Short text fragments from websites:
══════════

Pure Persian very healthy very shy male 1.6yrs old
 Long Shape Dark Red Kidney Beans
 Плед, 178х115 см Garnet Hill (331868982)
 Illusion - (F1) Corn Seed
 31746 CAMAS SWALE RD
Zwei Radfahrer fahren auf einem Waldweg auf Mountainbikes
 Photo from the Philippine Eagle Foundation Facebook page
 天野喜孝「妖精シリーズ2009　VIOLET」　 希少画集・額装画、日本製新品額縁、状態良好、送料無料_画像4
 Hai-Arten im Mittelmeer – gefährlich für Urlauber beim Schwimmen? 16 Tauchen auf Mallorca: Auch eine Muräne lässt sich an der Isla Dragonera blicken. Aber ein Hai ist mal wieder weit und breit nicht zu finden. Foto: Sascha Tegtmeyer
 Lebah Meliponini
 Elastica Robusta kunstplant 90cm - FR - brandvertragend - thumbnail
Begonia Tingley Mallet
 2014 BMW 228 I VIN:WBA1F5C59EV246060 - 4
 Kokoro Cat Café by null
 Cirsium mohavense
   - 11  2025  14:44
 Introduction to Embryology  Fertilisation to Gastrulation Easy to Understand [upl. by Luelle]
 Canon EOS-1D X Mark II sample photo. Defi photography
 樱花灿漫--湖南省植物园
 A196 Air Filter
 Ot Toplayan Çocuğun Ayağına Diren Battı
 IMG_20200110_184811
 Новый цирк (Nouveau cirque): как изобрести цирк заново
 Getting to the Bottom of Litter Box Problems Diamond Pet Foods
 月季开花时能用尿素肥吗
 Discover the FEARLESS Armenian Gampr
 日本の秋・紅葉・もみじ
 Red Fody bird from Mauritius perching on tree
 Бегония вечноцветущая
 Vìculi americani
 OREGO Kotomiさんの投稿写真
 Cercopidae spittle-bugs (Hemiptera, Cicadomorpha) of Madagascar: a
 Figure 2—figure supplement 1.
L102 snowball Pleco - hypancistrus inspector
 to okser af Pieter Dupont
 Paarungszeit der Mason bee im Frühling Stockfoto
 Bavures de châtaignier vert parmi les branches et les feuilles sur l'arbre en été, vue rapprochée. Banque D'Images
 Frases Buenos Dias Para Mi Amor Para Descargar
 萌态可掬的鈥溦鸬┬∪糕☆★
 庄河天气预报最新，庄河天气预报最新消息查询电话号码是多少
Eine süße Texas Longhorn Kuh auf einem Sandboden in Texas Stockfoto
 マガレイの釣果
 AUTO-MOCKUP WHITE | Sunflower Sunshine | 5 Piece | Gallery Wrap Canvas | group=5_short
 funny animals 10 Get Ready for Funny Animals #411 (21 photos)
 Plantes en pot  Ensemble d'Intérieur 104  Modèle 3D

══════════

* YOUR TASK *
Using the records above, gather all lines where the string "Stockfoto" is present.

* RESPONSE TO THIS EXERCISE *
 Paarungszeit der Mason bee im Frühling Stockfoto
Eine süße Texas Longhorn Kuh auf einem Sandboden in Texas Stockfoto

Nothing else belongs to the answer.